Earlier this week, China has directed its airlines to avoid the purchase of Boeing aircraft in response to US President Donald Trump’s revenge to impose a 245 % tariff on some imports from China.
BoEING-Evertt and Renton Production Facilities near Seattle, Washington-Washington-are famous for their large-scale production of commercial and defensive aircraft.
Reports indicate that Chinese airlines are currently waiting for the delivery of nearly 100 Boeing 737 MAX – the same planes that Air India Express and Akasa Air have requested. Indeed, until 2027, the three largest transport companies in China – China, East China, South China – 45, 53 and 81 Boeing aircraft were scheduled to receive, according to reports.
With Diktat from Beijing to airlines that disrupt the demand pipeline, the Indian aviation sector may be in a good position to take advantage of this opportunity.

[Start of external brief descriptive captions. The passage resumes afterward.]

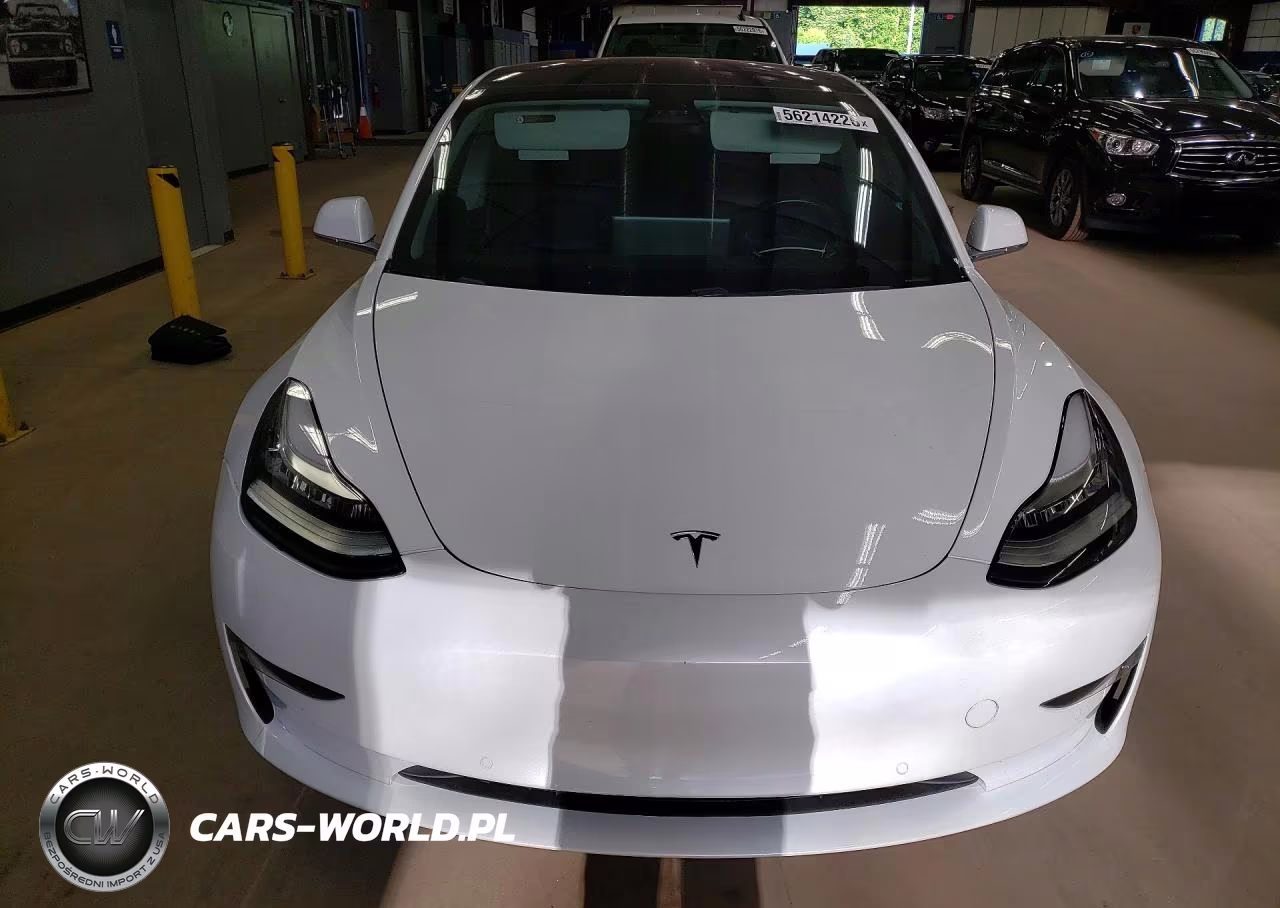 2018 Tesla Model 3 VIN:5YJ3E1EA0JF051247 - 5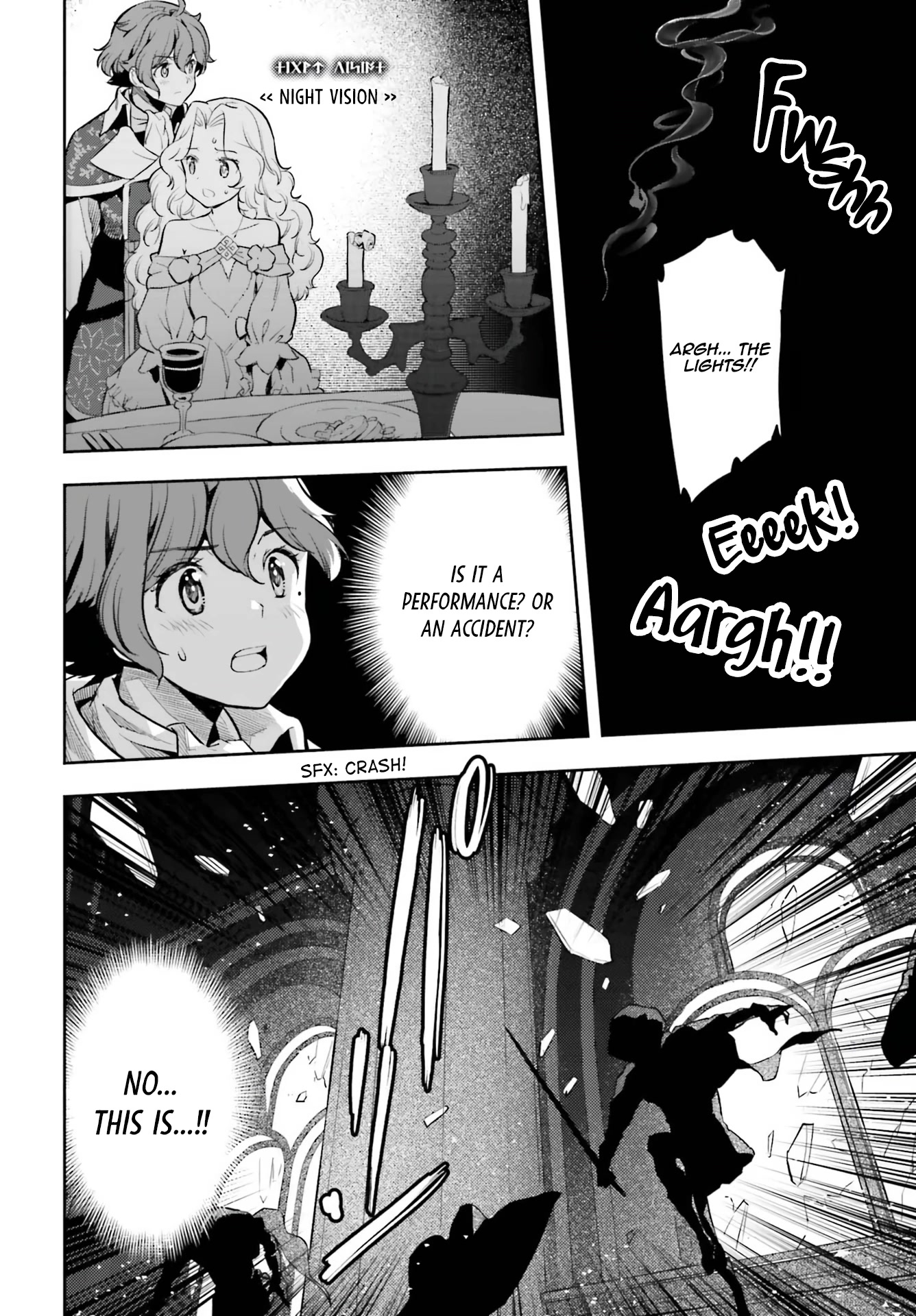 Genkai Koe No Tenpu wa, Tensei-sha ni Shika Atsukaenai - Overlimit Skill Holders - Chapter 19 page 24 - Chapter 19
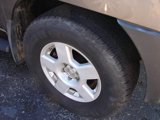 Used 2005 Nissan Xterra S w/ (P01) Power Pkg image 3
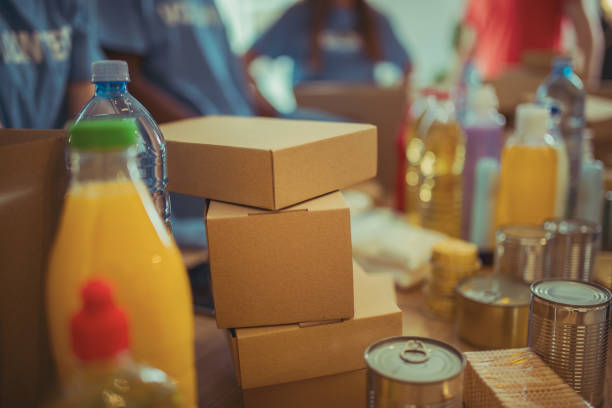 istock Taking care of one's local community 1325496356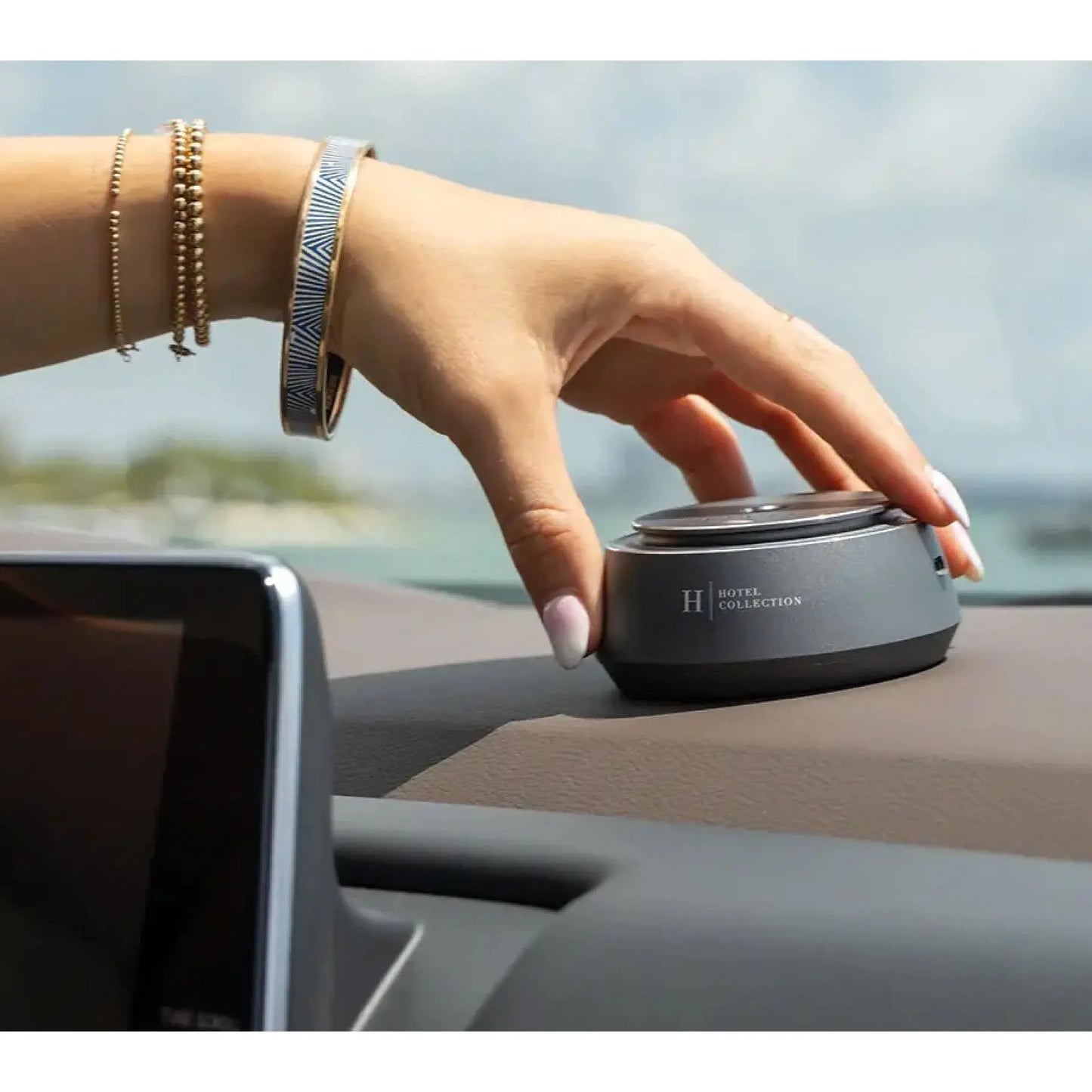 Hotel Collection Chauffeur Car Diffuser Bundle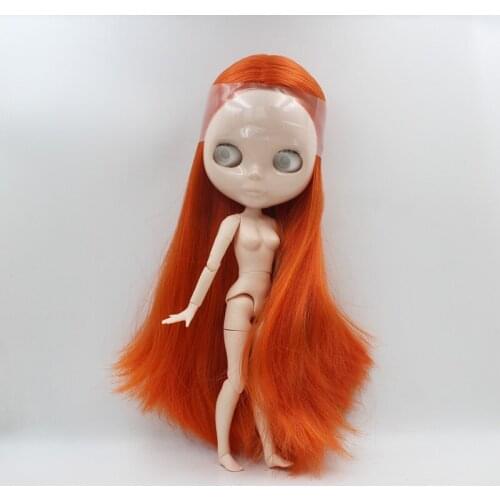 Free Shipping Top discount 4 COLORS BIG EYES DIY Nude Blyth Doll item NO.721EJ Doll limited gift special price cheap offer toy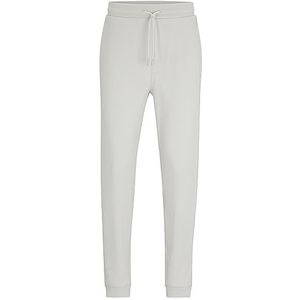 BOSS Sestart Jersey-Trousers voor heren, Licht/Pastel Grey57, L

Air India’s massive request book includes 20 Boeing 787 Dreamlines, and 10 Boeing 777X WideBody aircraft. In the narrow part, the airline has provided 190 Boeing 737 MAX orders – placed well in Boeing’s global priorities.
“Buying and acquiring aircraft are somewhat complicated topics, but many of the manufacturer maintains our cost in choice, especially when there is a shortage of aircraft in the market,” said a senior executive of the airline to Today TV.
Boeing’s late delivery operations have already affected the latest flight in India, Akasa, which is currently hiring a much more pilot than her current fleet requirements.
However, according to industry analysts, both AKASA and Tata have a financial space to accommodate additional aircraft, if available.